The FCC’s expansive regulatory authority has led to what one scholar termed a regulatory “kludgeocracy”—an expansive system, updated only incrementally to deal with new issues, that is both opaque and prone to failure. For decades, the FCC’s ad hoc processes have harmed competition and weakened the First Amendment rights of US media.

Harming Competition

  • Compartmentalizing industries. The FCC uses a compartmental approach for regulating each of the industries it oversees. Maintaining artificial distinctions between technologies and platforms keeps companies in different industries from competing with each other, protecting dated business models and slowing innovation.
  • Delaying new technologies. The FCC often delays new technologies by tying up approvals in years of hearings and limited trials, keeping new ideas and entrepreneurs from competing with established firms. For example, the capability to transmit television over a telephone wire was developed in 1927 but largely prohibited by law until the mid-1990s. The first mobile telephone service debuted in 1946 but languished as a technology because of FCC regulation and disinterest from the AT&T monopoly. Additionally, the development of cable—the foundation of modern Internet, video, and telephone services—was delayed by the FCC for years in the 1950s and 1960s because it threatened the FCC’s carefully planned broadcast TV system.
  • Politicizing allocation of spectrum licenses. Because the FCC oversees radio spectrum licenses, it is subject to intense lobbying that often delays auctions and allocations. These delays prevent licenses from being auctioned to their highest-valued use, distorting competition in industries, like broadband, commercial drones, and the Internet of Things, that use radio spectrum.

Threatening Free Speech

  • Architectural censorship. Structural regulations that restrict how media companies are owned and operated are intended to increase viewpoint diversity and localism. While such regulations appear to be “content neutral,” they end up privileging certain speakers and content over others. 
  • Government pressures on speech. The FCC, sometimes with the blessings of prior Congresses, has aggressively policed the speech of regulated media. This poses a problem for free speech because “new media” like Internet service providers, search engines, cable television, and applications are replacing the unregulated “print media”—newspapers, bookstores, and publishers—as Americans’ source of news, entertainment, and information. The FCC and media access activists argue that new media should only be allowed to have curtailed First Amendment protections like those given to FCC-regulated firms, not the strong First Amendment protections provided to the (shrinking) print media. Net neutrality rules and other Internet regulations will permanently weaken the First Amendment rights of most speakers and speech distributors in the United States. 


While the FCC pursues some worthwhile goals, it often arrives at either the wrong policy for achieving those goals or the right policy years too late. Reforming communications law will require two major policy changes:

  • Targeted, transparent subsidies. The FCC’s Universal Service Fund, a complex system of taxes and subsidies for companies that is designed to ensure universal access to phone and broadband networks, has ballooned in cost and failed to appreciably increase access.
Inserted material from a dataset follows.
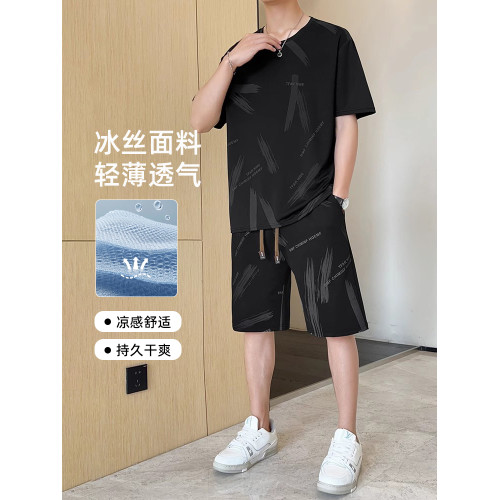 啄木鳥冰絲休閒套裝男士夏季薄款寬松運動速乾短袖t恤短褲兩件套K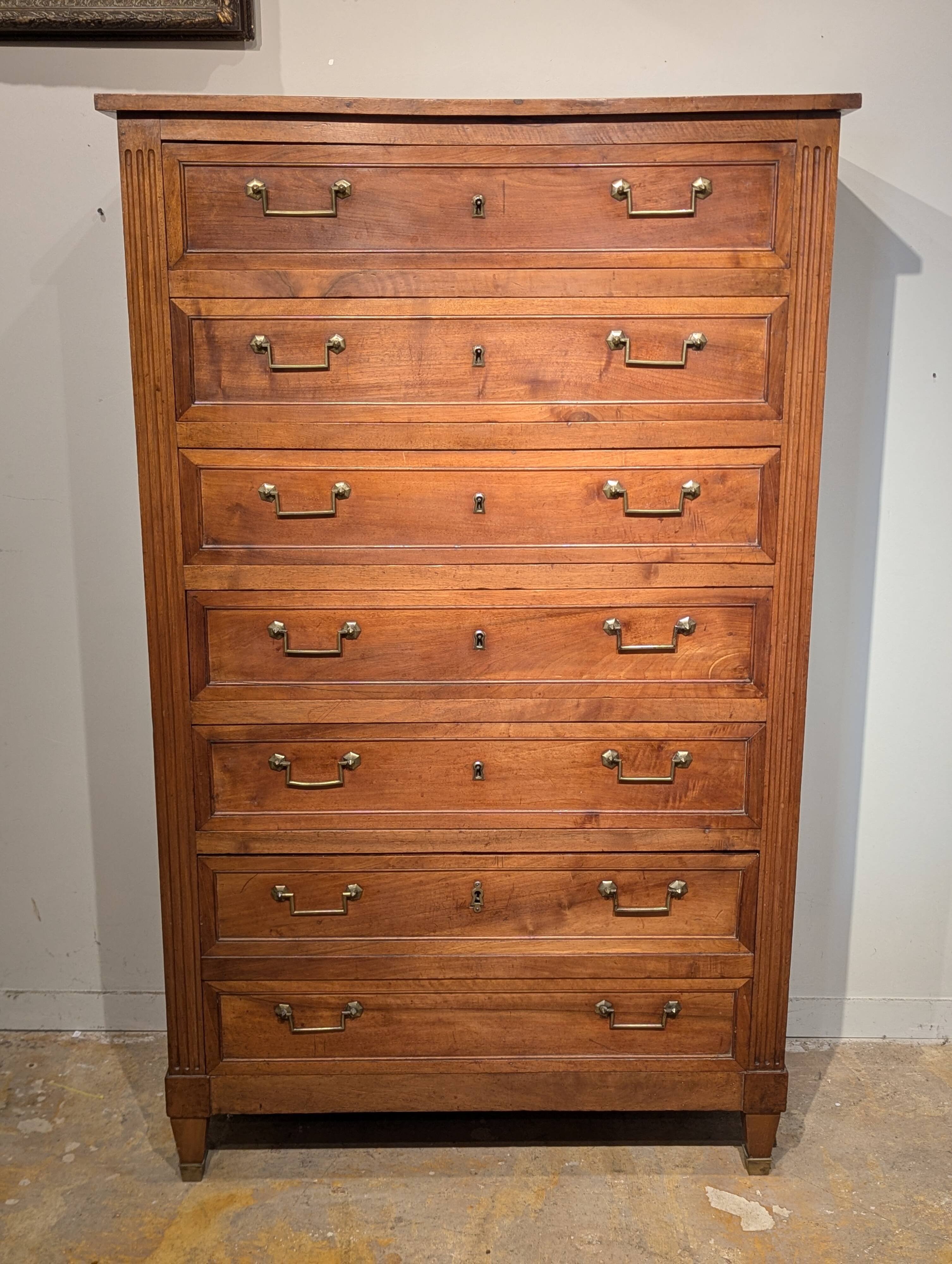 Late 19th century walnut chest of drawers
Direct subsidies to consumers will better ensure that the nation stays connected. Television regulations intended to promote certain types of content have increased costs for cable and satellite customers. Direct funding for TV programming is a far more honest and transparent solution than FCC regulation—and it is ultimately less costly.
  • Reducing FCC authority. The FCC has used its regulatory authority carte blanche to enact a bewildering maze of regulations that has created a mindset of compliance in the most innovative sectors of the US economy. Some of the FCC’s functions, such as merger review, are duplicative of functions already served by other agencies. The costs of its regulations include higher cable and cellphone bills for consumers and reduced freedom of speech. The media and the country will be better off with a streamlined FCC that does a few things well rather than a myriad of things poorly.